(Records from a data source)
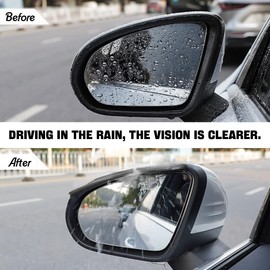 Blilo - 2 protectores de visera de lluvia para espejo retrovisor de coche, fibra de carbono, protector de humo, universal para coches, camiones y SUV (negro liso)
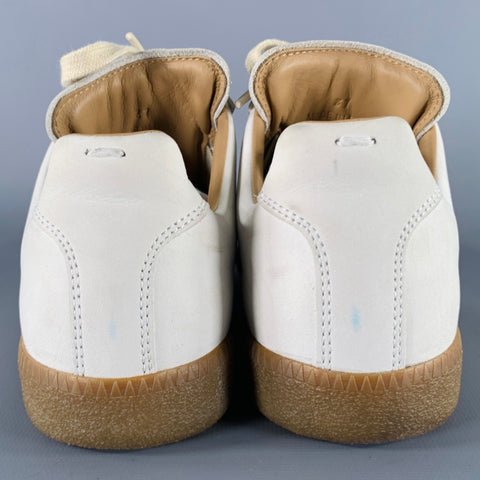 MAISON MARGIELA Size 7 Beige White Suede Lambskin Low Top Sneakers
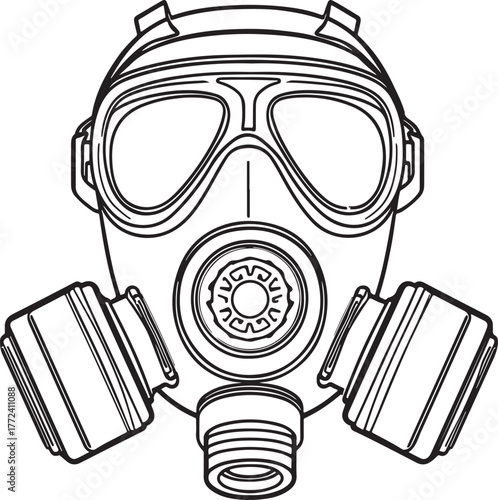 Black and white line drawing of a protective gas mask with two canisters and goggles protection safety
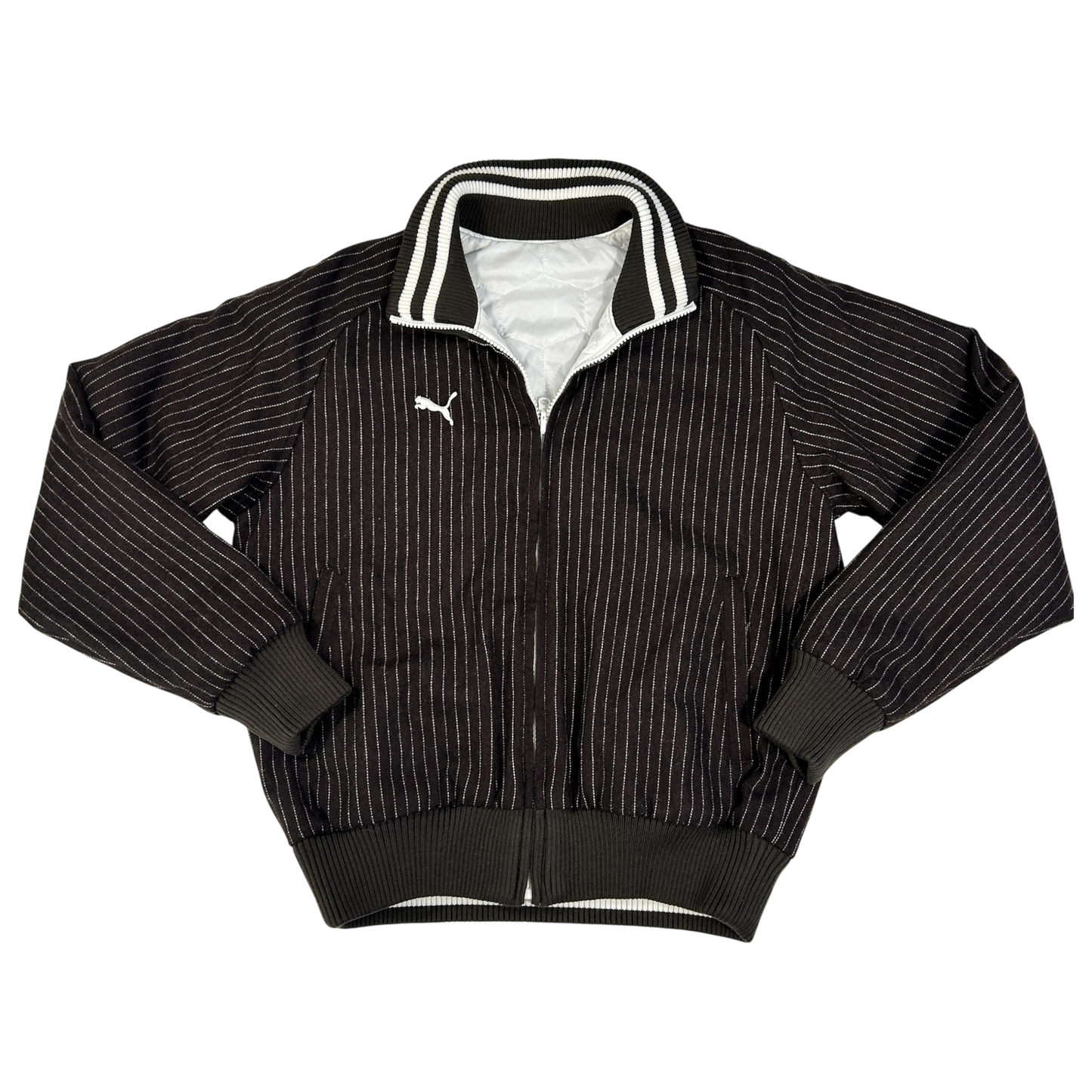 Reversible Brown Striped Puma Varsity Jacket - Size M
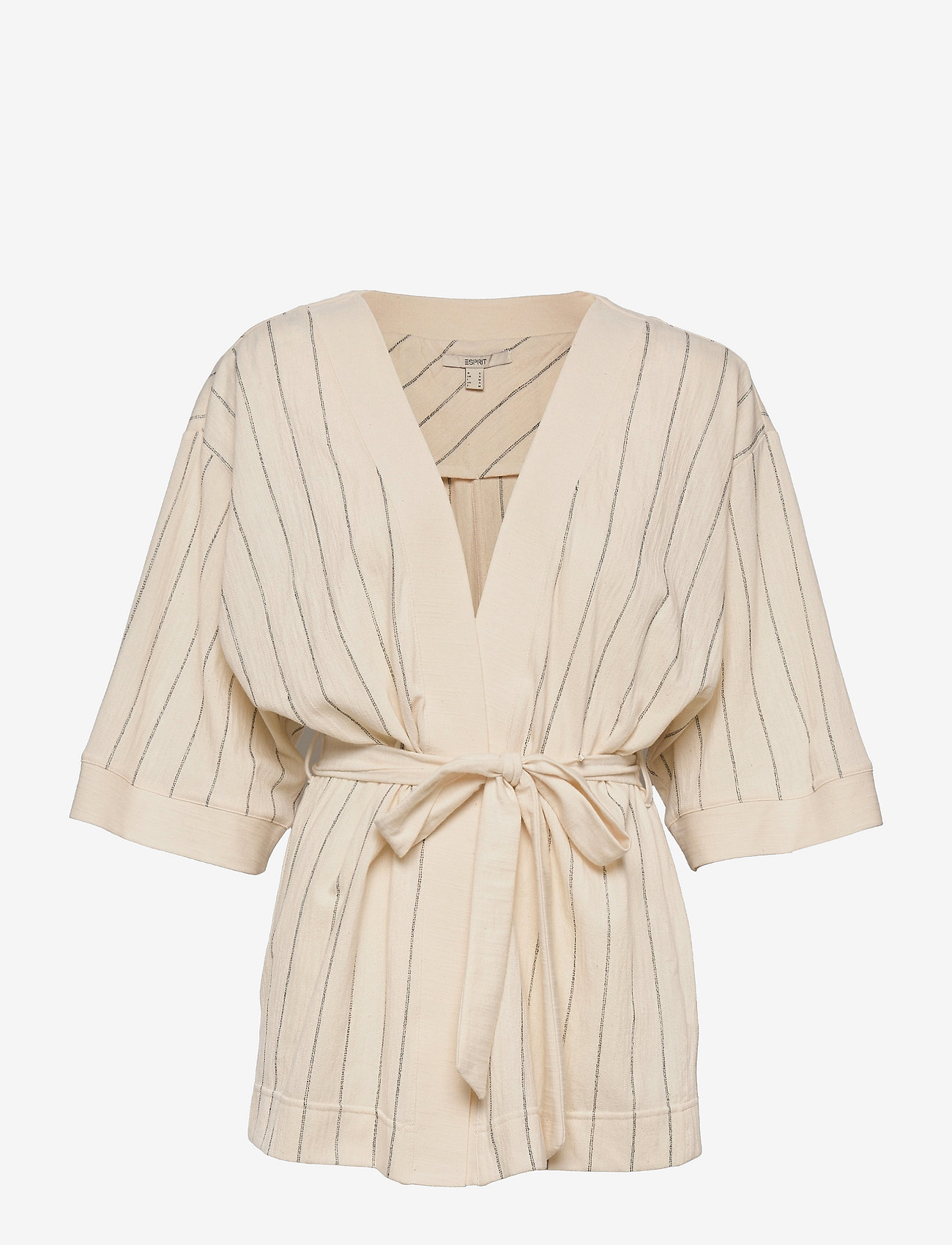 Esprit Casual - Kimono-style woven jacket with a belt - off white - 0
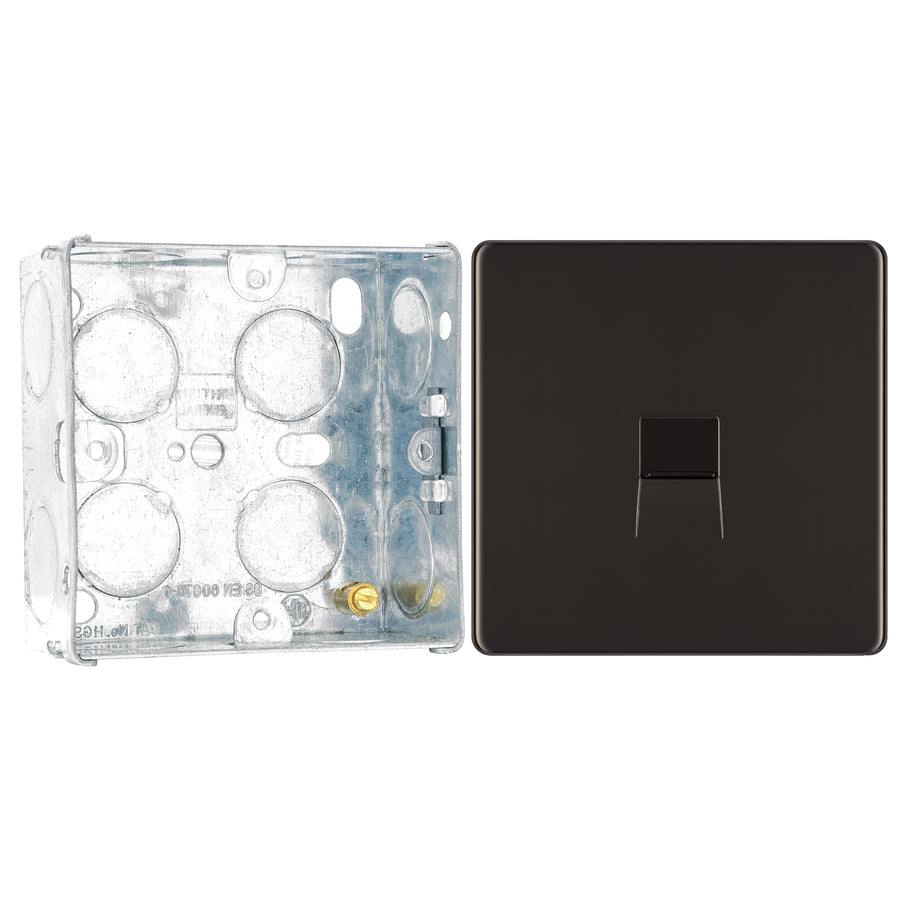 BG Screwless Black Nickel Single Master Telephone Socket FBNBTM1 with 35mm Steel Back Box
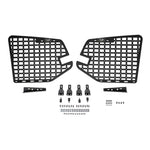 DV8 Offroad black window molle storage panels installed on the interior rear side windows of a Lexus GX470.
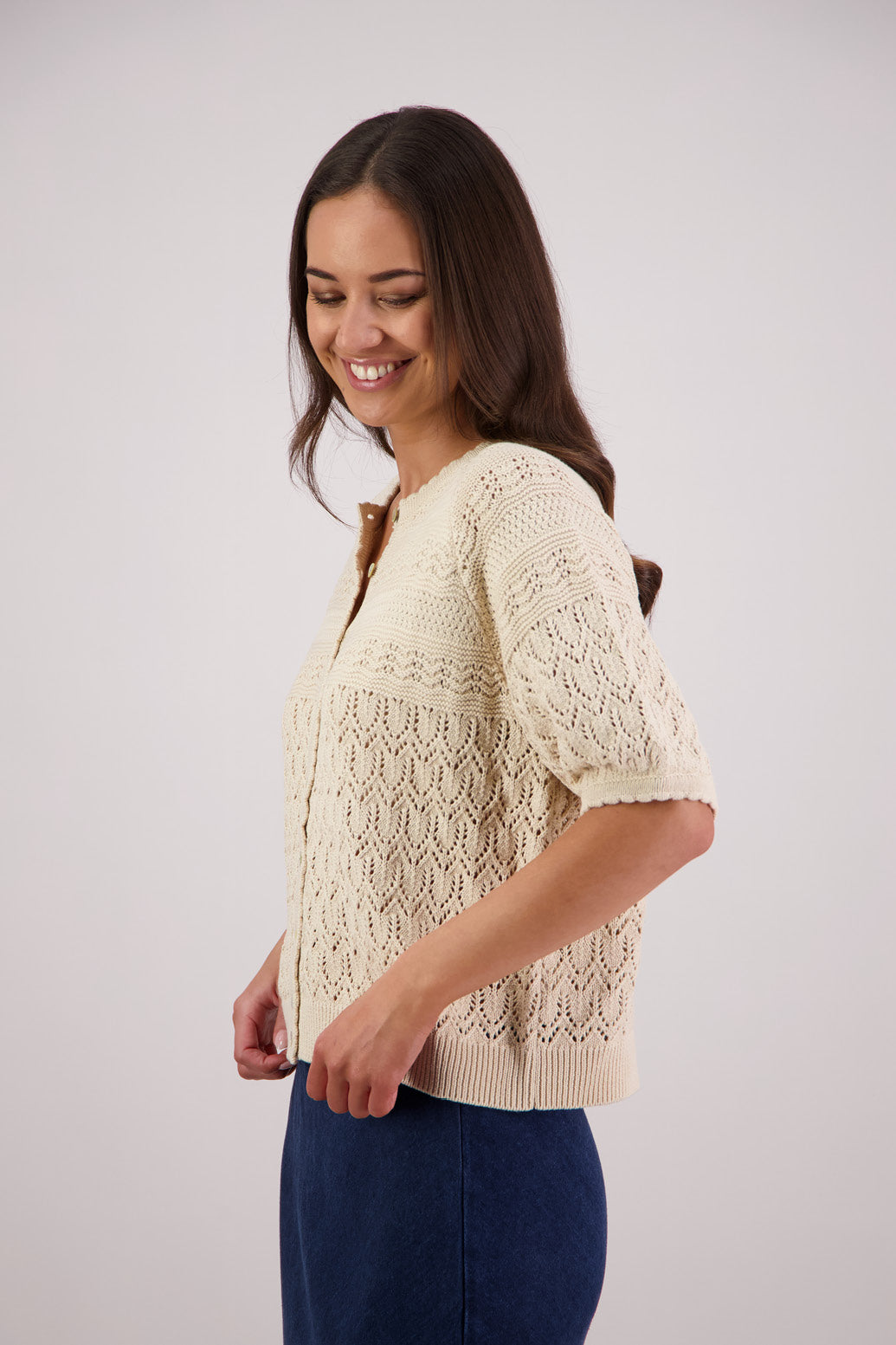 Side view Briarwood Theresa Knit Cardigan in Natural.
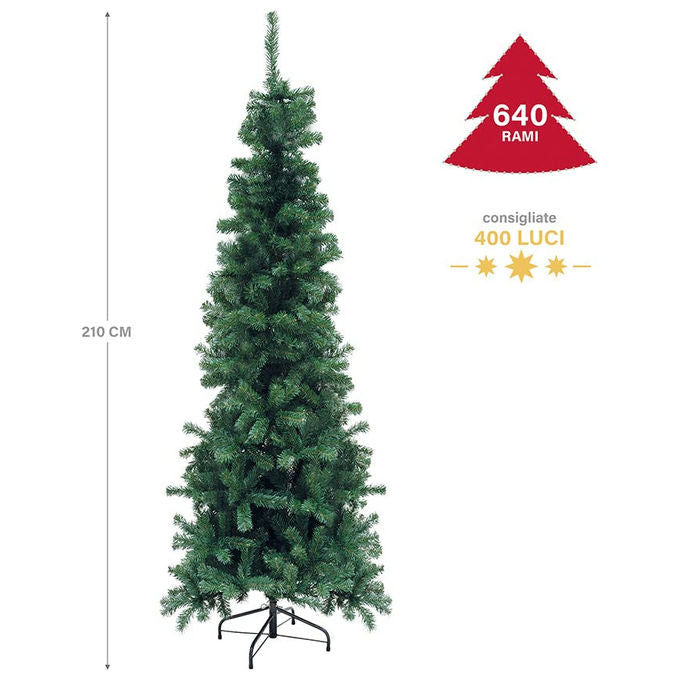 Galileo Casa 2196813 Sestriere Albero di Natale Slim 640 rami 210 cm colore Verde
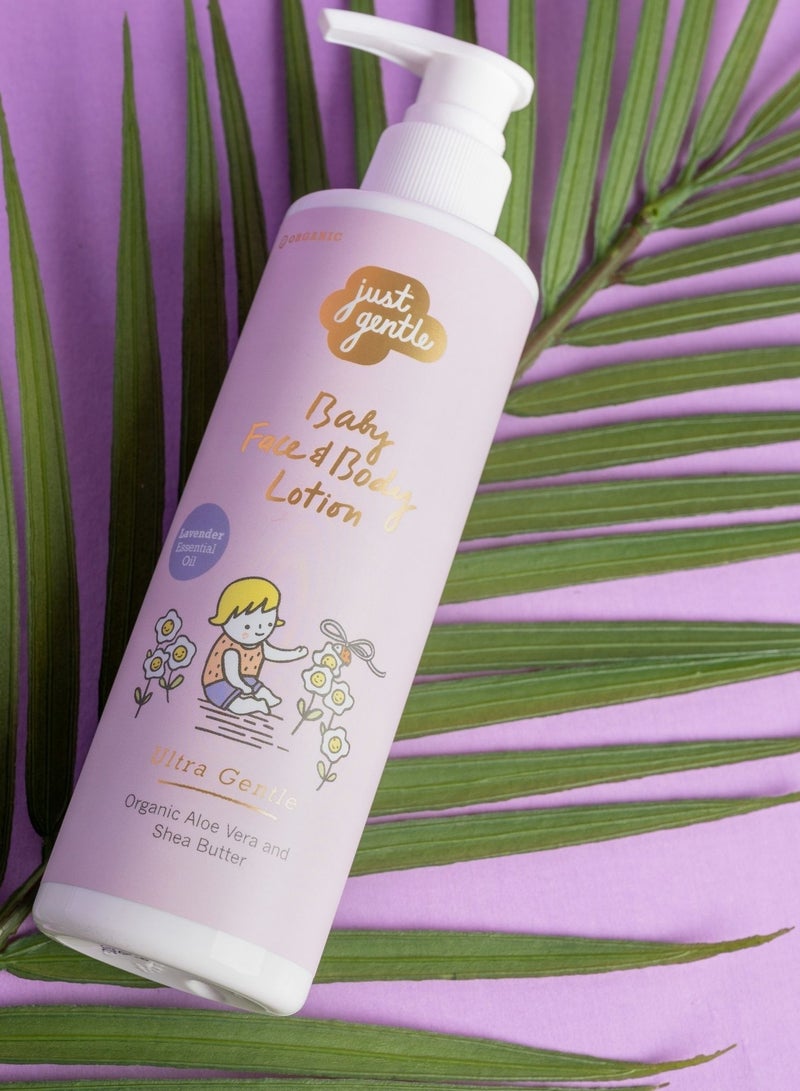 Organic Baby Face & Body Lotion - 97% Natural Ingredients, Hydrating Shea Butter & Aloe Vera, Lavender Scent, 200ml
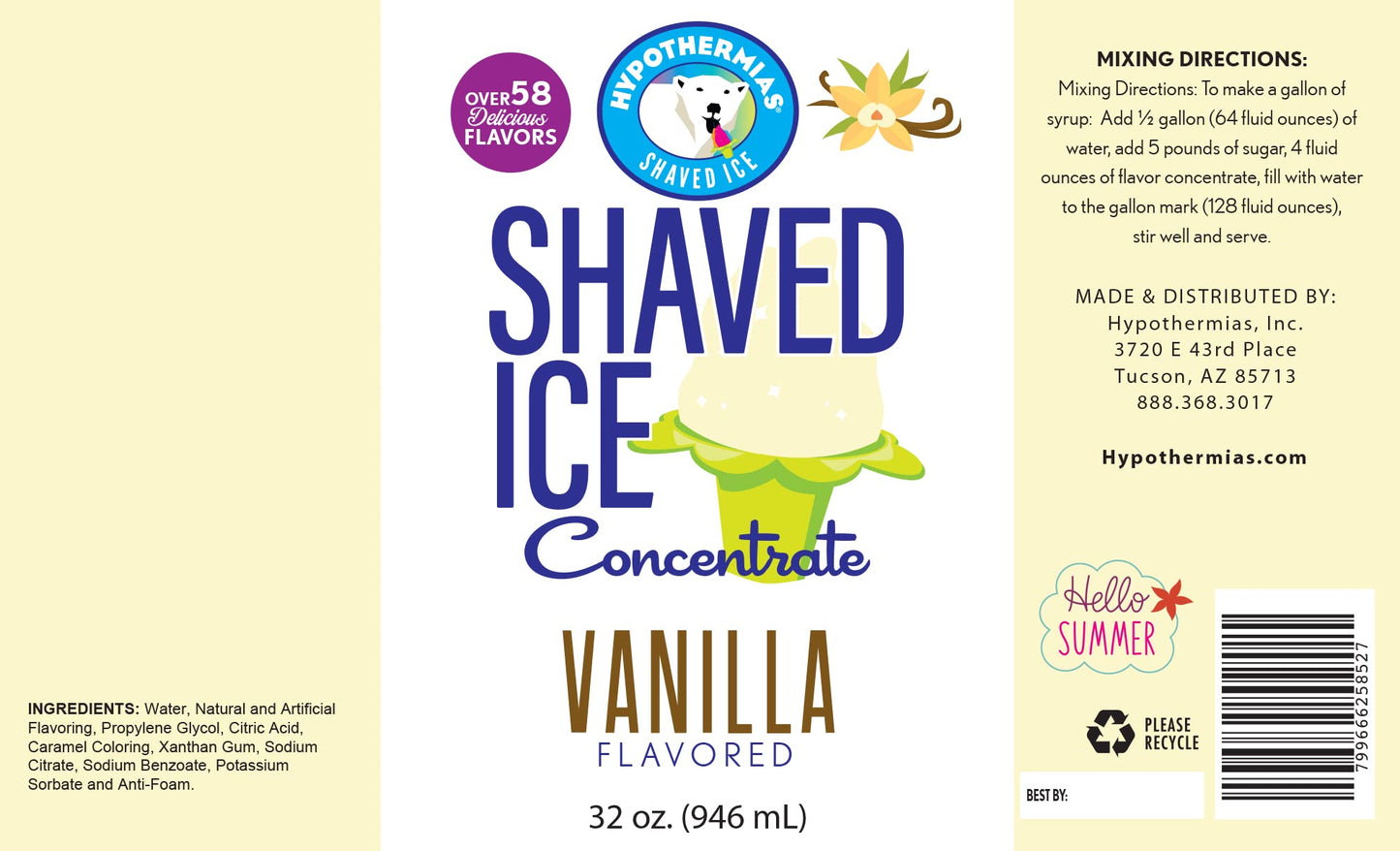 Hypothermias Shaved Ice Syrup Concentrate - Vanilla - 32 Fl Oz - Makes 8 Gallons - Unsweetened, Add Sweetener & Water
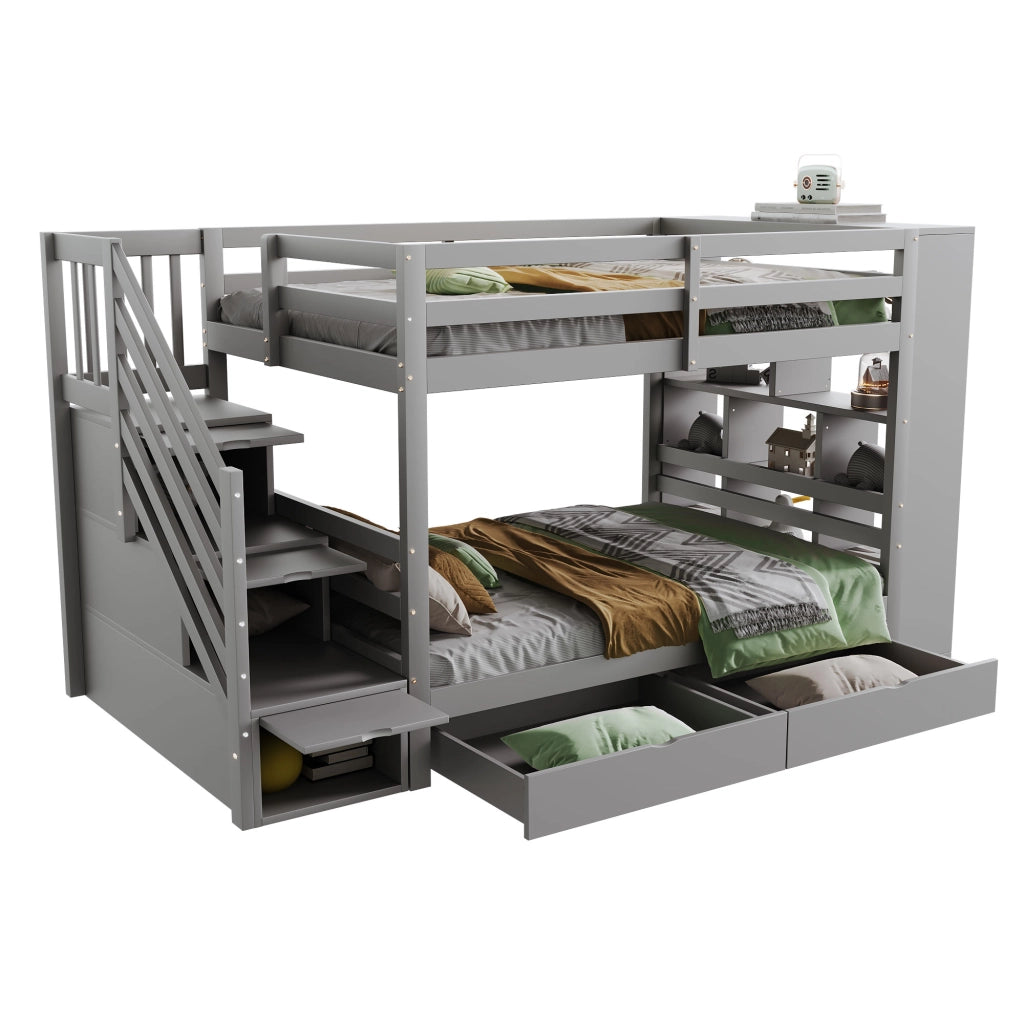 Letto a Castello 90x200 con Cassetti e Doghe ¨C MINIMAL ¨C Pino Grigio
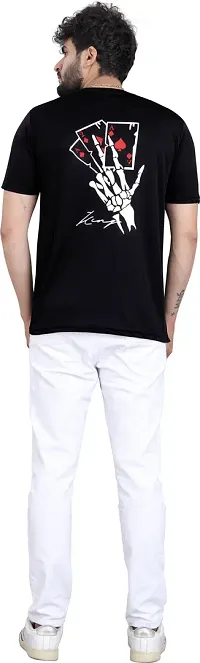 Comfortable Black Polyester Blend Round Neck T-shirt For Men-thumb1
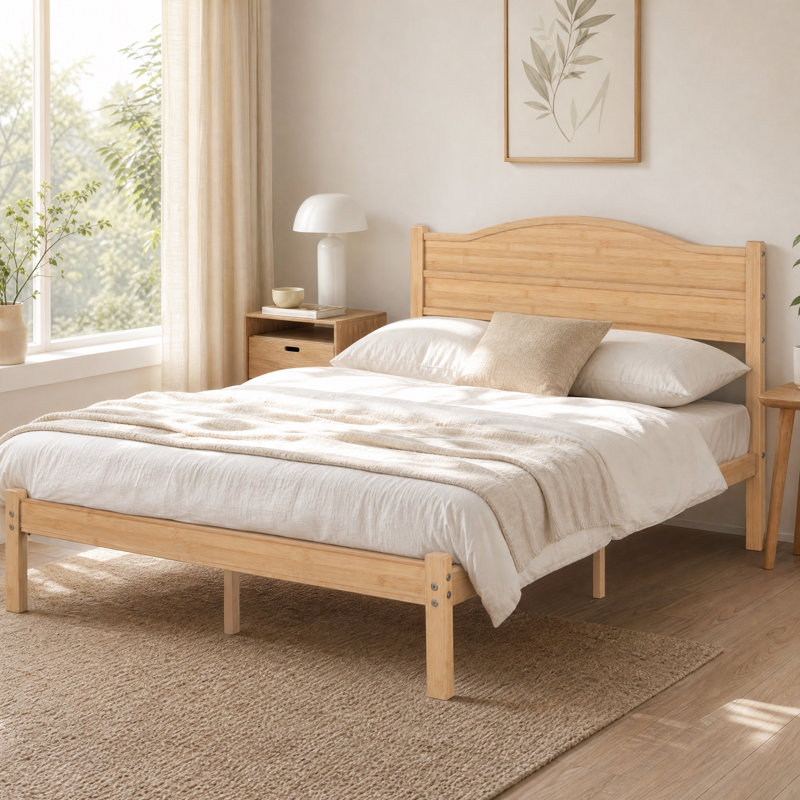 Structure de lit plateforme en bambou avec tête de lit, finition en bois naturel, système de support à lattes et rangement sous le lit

WHAT NEEDS TO BE DONE »
Word for word, write out the lines from the top of the records above down to the line holding "Reversible Brown Striped", inclusive, but not the pictures.

OUTPUT FOR THIS TASK »
 Blilo - 2 protectores de visera de lluvia para espejo retrovisor de coche, fibra de carbono, protector de humo, universal para coches, camiones y SUV (negro liso)
 MAISON MARGIELA Size 7 Beige White Suede Lambskin Low Top Sneakers
 Black and white line drawing of a protective gas mask with two canisters and goggles protection safety
 Reversible Brown Striped Puma Varsity Jacket - Size M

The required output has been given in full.